> [EXERCISE] Repeat the records in full, exactly.

Records excerpted from a collection
◇ ◇ ◇

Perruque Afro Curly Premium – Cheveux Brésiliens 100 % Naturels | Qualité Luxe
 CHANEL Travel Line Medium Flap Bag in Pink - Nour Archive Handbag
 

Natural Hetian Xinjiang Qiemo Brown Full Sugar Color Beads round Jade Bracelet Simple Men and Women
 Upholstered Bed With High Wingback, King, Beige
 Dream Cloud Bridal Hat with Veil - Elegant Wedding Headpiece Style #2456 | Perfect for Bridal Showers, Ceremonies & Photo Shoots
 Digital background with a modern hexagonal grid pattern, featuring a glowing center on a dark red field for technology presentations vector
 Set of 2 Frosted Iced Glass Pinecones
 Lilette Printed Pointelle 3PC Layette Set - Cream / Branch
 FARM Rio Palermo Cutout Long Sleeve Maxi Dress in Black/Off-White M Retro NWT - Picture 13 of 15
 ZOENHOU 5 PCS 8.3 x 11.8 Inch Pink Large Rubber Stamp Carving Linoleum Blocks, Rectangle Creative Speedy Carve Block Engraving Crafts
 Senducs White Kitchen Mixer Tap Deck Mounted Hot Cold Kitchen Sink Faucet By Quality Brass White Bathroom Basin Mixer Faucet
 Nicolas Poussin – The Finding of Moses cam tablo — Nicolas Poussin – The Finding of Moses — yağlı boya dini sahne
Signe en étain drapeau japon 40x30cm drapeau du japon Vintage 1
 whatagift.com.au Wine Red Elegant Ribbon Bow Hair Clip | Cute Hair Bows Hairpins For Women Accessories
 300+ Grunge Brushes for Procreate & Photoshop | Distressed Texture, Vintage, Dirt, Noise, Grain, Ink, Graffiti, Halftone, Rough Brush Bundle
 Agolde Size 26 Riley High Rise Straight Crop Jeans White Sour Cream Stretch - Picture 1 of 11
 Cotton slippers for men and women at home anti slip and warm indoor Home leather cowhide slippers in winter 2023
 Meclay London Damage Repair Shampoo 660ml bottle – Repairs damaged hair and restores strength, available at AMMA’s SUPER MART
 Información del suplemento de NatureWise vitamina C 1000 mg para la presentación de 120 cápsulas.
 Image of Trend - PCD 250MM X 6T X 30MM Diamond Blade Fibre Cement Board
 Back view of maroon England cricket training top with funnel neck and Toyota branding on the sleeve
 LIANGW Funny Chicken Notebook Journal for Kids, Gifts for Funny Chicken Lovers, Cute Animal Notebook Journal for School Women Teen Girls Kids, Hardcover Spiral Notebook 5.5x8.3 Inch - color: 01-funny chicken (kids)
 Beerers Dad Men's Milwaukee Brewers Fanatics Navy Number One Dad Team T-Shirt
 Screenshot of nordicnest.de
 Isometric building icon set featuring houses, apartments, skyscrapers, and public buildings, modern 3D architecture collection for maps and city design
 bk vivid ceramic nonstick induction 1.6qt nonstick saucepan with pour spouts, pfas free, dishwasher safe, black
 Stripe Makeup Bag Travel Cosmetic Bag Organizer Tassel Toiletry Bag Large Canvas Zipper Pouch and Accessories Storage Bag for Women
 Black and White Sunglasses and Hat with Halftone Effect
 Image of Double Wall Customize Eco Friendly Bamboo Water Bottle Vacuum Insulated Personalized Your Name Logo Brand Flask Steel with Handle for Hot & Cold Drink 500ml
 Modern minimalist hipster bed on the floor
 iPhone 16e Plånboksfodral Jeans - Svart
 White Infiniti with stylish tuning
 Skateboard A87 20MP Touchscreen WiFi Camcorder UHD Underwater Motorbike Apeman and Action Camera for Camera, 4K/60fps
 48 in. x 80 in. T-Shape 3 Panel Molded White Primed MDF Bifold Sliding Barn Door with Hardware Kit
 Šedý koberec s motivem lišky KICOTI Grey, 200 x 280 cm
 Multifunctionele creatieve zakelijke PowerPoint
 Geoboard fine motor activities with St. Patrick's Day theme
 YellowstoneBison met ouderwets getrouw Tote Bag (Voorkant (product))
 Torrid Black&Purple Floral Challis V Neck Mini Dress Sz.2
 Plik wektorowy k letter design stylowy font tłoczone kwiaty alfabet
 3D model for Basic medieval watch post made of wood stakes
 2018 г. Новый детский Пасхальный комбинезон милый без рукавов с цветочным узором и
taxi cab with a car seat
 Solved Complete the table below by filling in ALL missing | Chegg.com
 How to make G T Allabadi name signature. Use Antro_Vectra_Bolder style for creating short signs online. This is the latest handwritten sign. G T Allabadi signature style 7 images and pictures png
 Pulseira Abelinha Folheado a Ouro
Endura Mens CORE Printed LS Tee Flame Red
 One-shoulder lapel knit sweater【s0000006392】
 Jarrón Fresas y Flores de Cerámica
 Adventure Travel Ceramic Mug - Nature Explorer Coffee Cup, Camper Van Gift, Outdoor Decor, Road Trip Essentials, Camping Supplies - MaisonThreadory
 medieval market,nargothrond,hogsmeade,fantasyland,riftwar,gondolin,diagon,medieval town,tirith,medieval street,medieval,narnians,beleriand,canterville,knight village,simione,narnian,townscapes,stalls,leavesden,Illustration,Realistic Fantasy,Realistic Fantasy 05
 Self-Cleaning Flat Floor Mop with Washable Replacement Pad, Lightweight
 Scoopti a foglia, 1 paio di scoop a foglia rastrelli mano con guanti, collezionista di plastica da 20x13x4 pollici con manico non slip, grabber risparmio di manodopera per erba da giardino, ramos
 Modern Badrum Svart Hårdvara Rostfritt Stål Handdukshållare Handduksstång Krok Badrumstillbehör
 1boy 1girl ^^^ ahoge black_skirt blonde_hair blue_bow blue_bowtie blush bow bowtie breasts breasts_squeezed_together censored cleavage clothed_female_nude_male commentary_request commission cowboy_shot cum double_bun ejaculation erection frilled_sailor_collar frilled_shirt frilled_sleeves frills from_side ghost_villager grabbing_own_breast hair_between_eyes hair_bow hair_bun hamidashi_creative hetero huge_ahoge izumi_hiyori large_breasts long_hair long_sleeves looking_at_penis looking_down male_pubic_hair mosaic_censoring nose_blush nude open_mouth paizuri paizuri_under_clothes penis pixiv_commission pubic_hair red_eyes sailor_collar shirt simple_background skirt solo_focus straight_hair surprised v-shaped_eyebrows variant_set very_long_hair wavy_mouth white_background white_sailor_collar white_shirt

◇ ◇ ◇

> [SOLUTION FOR THIS EXERCISE]
Perruque Afro Curly Premium – Cheveux Brésiliens 100 % Naturels | Qualité Luxe
 CHANEL Travel Line Medium Flap Bag in Pink - Nour Archive Handbag
 

Natural Hetian Xinjiang Qiemo Brown Full Sugar Color Beads round Jade Bracelet Simple Men and Women
 Upholstered Bed With High Wingback, King, Beige
 Dream Cloud Bridal Hat with Veil - Elegant Wedding Headpiece Style #2456 | Perfect for Bridal Showers, Ceremonies & Photo Shoots
 Digital background with a modern hexagonal grid pattern, featuring a glowing center on a dark red field for technology presentations vector
 Set of 2 Frosted Iced Glass Pinecones
 Lilette Printed Pointelle 3PC Layette Set - Cream / Branch
 FARM Rio Palermo Cutout Long Sleeve Maxi Dress in Black/Off-White M Retro NWT - Picture 13 of 15
 ZOENHOU 5 PCS 8.3 x 11.8 Inch Pink Large Rubber Stamp Carving Linoleum Blocks, Rectangle Creative Speedy Carve Block Engraving Crafts
 Senducs White Kitchen Mixer Tap Deck Mounted Hot Cold Kitchen Sink Faucet By Quality Brass White Bathroom Basin Mixer Faucet
 Nicolas Poussin – The Finding of Moses cam tablo — Nicolas Poussin – The Finding of Moses — yağlı boya dini sahne
Signe en étain drapeau japon 40x30cm drapeau du japon Vintage 1
 whatagift.com.au Wine Red Elegant Ribbon Bow Hair Clip | Cute Hair Bows Hairpins For Women Accessories
 300+ Grunge Brushes for Procreate & Photoshop | Distressed Texture, Vintage, Dirt, Noise, Grain, Ink, Graffiti, Halftone, Rough Brush Bundle
 Agolde Size 26 Riley High Rise Straight Crop Jeans White Sour Cream Stretch - Picture 1 of 11
 Cotton slippers for men and women at home anti slip and warm indoor Home leather cowhide slippers in winter 2023
 Meclay London Damage Repair Shampoo 660ml bottle – Repairs damaged hair and restores strength, available at AMMA’s SUPER MART
 Información del suplemento de NatureWise vitamina C 1000 mg para la presentación de 120 cápsulas.
 Image of Trend - PCD 250MM X 6T X 30MM Diamond Blade Fibre Cement Board
 Back view of maroon England cricket training top with funnel neck and Toyota branding on the sleeve
 LIANGW Funny Chicken Notebook Journal for Kids, Gifts for Funny Chicken Lovers, Cute Animal Notebook Journal for School Women Teen Girls Kids, Hardcover Spiral Notebook 5.5x8.3 Inch - color: 01-funny chicken (kids)
 Beerers Dad Men's Milwaukee Brewers Fanatics Navy Number One Dad Team T-Shirt
 Screenshot of nordicnest.de
 Isometric building icon set featuring houses, apartments, skyscrapers, and public buildings, modern 3D architecture collection for maps and city design
 bk vivid ceramic nonstick induction 1.6qt nonstick saucepan with pour spouts, pfas free, dishwasher safe, black
 Stripe Makeup Bag Travel Cosmetic Bag Organizer Tassel Toiletry Bag Large Canvas Zipper Pouch and Accessories Storage Bag for Women
 Black and White Sunglasses and Hat with Halftone Effect
 Image of Double Wall Customize Eco Friendly Bamboo Water Bottle Vacuum Insulated Personalized Your Name Logo Brand Flask Steel with Handle for Hot & Cold Drink 500ml
 Modern minimalist hipster bed on the floor
 iPhone 16e Plånboksfodral Jeans - Svart
 White Infiniti with stylish tuning
 Skateboard A87 20MP Touchscreen WiFi Camcorder UHD Underwater Motorbike Apeman and Action Camera for Camera, 4K/60fps
 48 in. x 80 in. T-Shape 3 Panel Molded White Primed MDF Bifold Sliding Barn Door with Hardware Kit
 Šedý koberec s motivem lišky KICOTI Grey, 200 x 280 cm
 Multifunctionele creatieve zakelijke PowerPoint
 Geoboard fine motor activities with St. Patrick's Day theme
 YellowstoneBison met ouderwets getrouw Tote Bag (Voorkant (product))
 Torrid Black&Purple Floral Challis V Neck Mini Dress Sz.2
 Plik wektorowy k letter design stylowy font tłoczone kwiaty alfabet
 3D model for Basic medieval watch post made of wood stakes
 2018 г. Новый детский Пасхальный комбинезон милый без рукавов с цветочным узором и
taxi cab with a car seat
 Solved Complete the table below by filling in ALL missing | Chegg.com
 How to make G T Allabadi name signature. Use Antro_Vectra_Bolder style for creating short signs online. This is the latest handwritten sign. G T Allabadi signature style 7 images and pictures png
 Pulseira Abelinha Folheado a Ouro
Endura Mens CORE Printed LS Tee Flame Red
 One-shoulder lapel knit sweater【s0000006392】
 Jarrón Fresas y Flores de Cerámica
 Adventure Travel Ceramic Mug - Nature Explorer Coffee Cup, Camper Van Gift, Outdoor Decor, Road Trip Essentials, Camping Supplies - MaisonThreadory
 medieval market,nargothrond,hogsmeade,fantasyland,riftwar,gondolin,diagon,medieval town,tirith,medieval street,medieval,narnians,beleriand,canterville,knight village,simione,narnian,townscapes,stalls,leavesden,Illustration,Realistic Fantasy,Realistic Fantasy 05
 Self-Cleaning Flat Floor Mop with Washable Replacement Pad, Lightweight
 Scoopti a foglia, 1 paio di scoop a foglia rastrelli mano con guanti, collezionista di plastica da 20x13x4 pollici con manico non slip, grabber risparmio di manodopera per erba da giardino, ramos
 Modern Badrum Svart Hårdvara Rostfritt Stål Handdukshållare Handduksstång Krok Badrumstillbehör
 1boy 1girl ^^^ ahoge black_skirt blonde_hair blue_bow blue_bowtie blush bow bowtie breasts breasts_squeezed_together censored cleavage clothed_female_nude_male commentary_request commission cowboy_shot cum double_bun ejaculation erection frilled_sailor_collar frilled_shirt frilled_sleeves frills from_side ghost_villager grabbing_own_breast hair_between_eyes hair_bow hair_bun hamidashi_creative hetero huge_ahoge izumi_hiyori large_breasts long_hair long_sleeves looking_at_penis looking_down male_pubic_hair mosaic_censoring nose_blush nude open_mouth paizuri paizuri_under_clothes penis pixiv_commission pubic_hair red_eyes sailor_collar shirt simple_background skirt solo_focus straight_hair surprised v-shaped_eyebrows variant_set very_long_hair wavy_mouth white_background white_sailor_collar white_shirt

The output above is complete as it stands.